Espanha
Desenterrar o passado escondido da guerra civil espanhola
Das botas, restam as solas descosidas, praticamente engolidas pela terra. Das pernas e do corpo a quem pertenciam, sobram apenas as ossadas, agora identificadas por um arqueólogo com uma placa cor-de-laranja com um número: 30. É no cemitério municipal El Carmen, em Valladolid, que arqueólogos identificam este e outros corpos depositados em valas comuns há mais de 80 anos. Valas comuns cuja existência tinha vindo a ser negada pelas autoridades e que só agora estão a ser abertas para que se procure identificar aquelas que foram vítimas da guerra civil espanhola (1936-1939)e da repressão do general Franco.
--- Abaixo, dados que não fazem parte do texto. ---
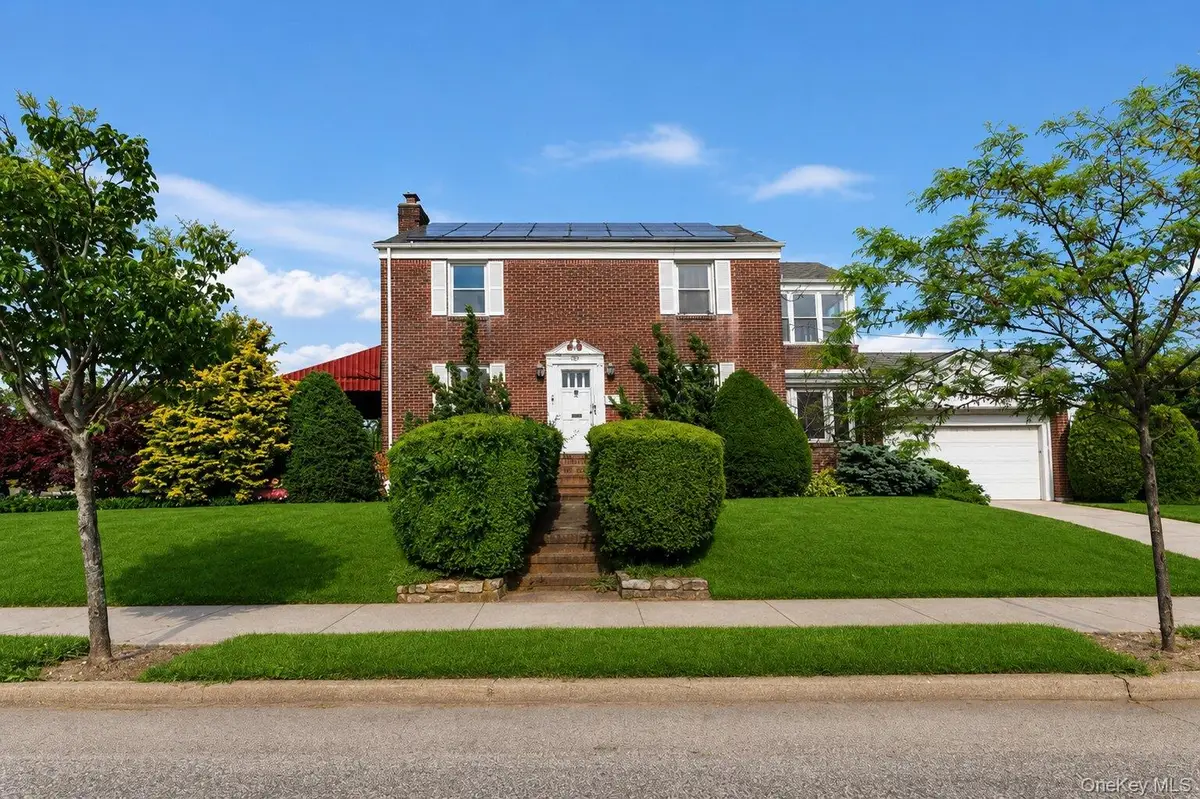 530 Washington Boulevard, Long Beach, NY 11561 - #1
Em toda a Espanha estima-se que existam mais de 2000 valas comuns com mais de 100 mil vítimas que estão, ainda hoje, dadas como “desaparecidas”, depois daquele que é descrito com o genocídio franquista. Em Valladolid, as autoridades autorizaram e financiaram recentemente a escavação de uma parte do cemitério El Carmen onde se acredita que estejam mais de 1000 vítimas. Desde Abril, já foram descobertos 185 corpos que serão analisados por arqueólogos forenses na tentativa de os identificar. “É sobretudo uma questão de dignidade nacional e de direitos humanos, mais do que abrir feridas do passado”, afirma o presidente da Câmara de Valladolid, Oscar Puente, que alocou 25 mil euros do orçamento do município para que os trabalhos pudessem avançar. “Não podíamos continuar a olhar para o lado”, explicou.
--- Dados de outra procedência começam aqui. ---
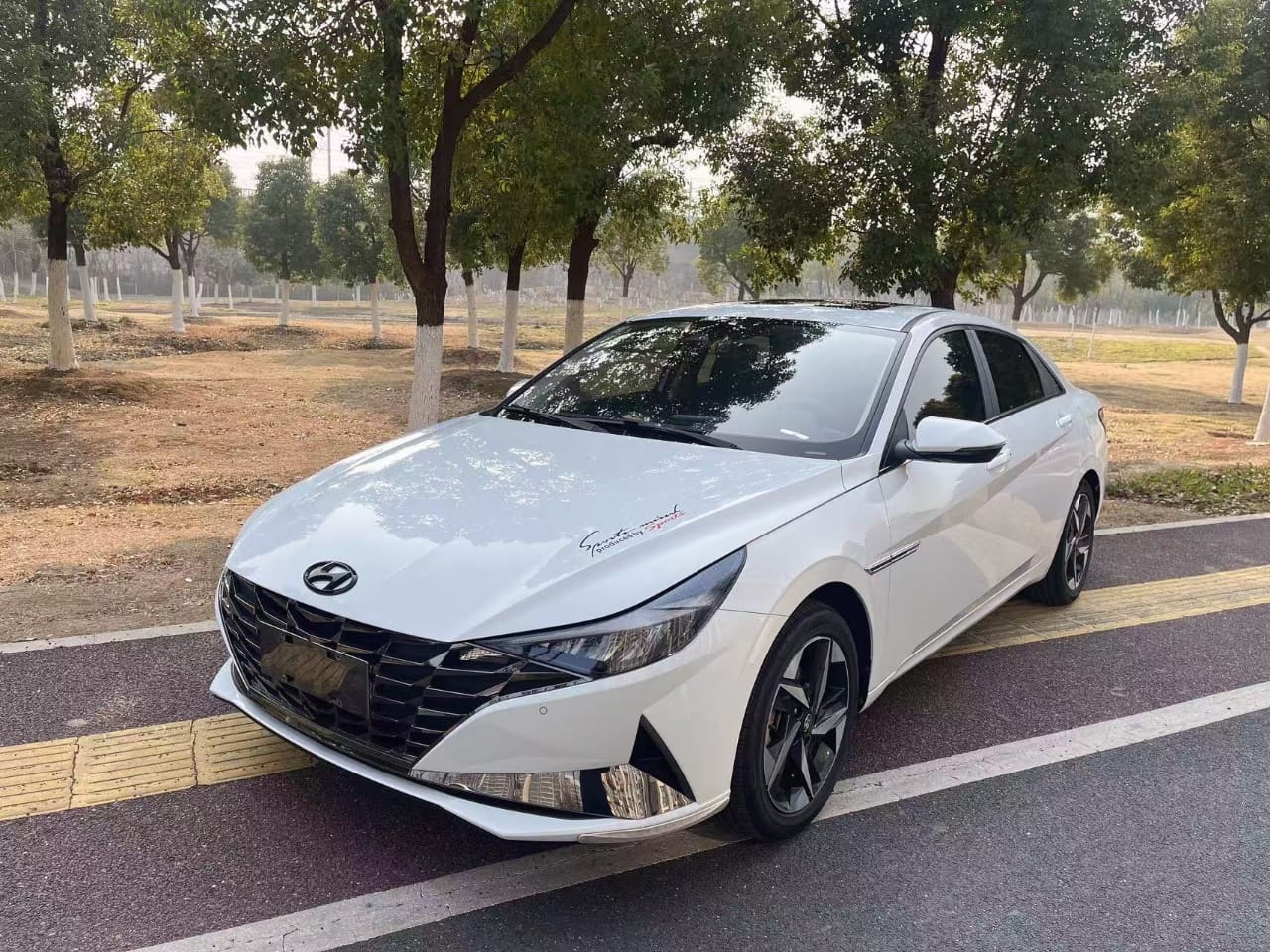 Hyundai Elantra 1.5L CVT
Durante 60 anos, Abílio Perez percorreu, ao lado da mulher, os caminhos do cemitério que agora se encontram escavados. Hoje com 80 anos, recorda todas as vezes que ali deixou flores, por acreditar que o sogro e cunhado teriam ali sido entrerrados em 1936. Durante anos as autoridades reafirmaram que não haveria ali nada para encontrar. “É imperdoável que só se esteja a fazer isto agora”, diz o arqueólogo Julio del Olmo, membro da Associação para a Recuperação da Memória Histórica de Valladolid, responsável pela missão. Em muitos casos já não existem familiares com que seja possível comparar o ADN dos cadáveres. E milhares de espanhóis nunca chegaram a saber o paradeiro dos familiares desaparecidos.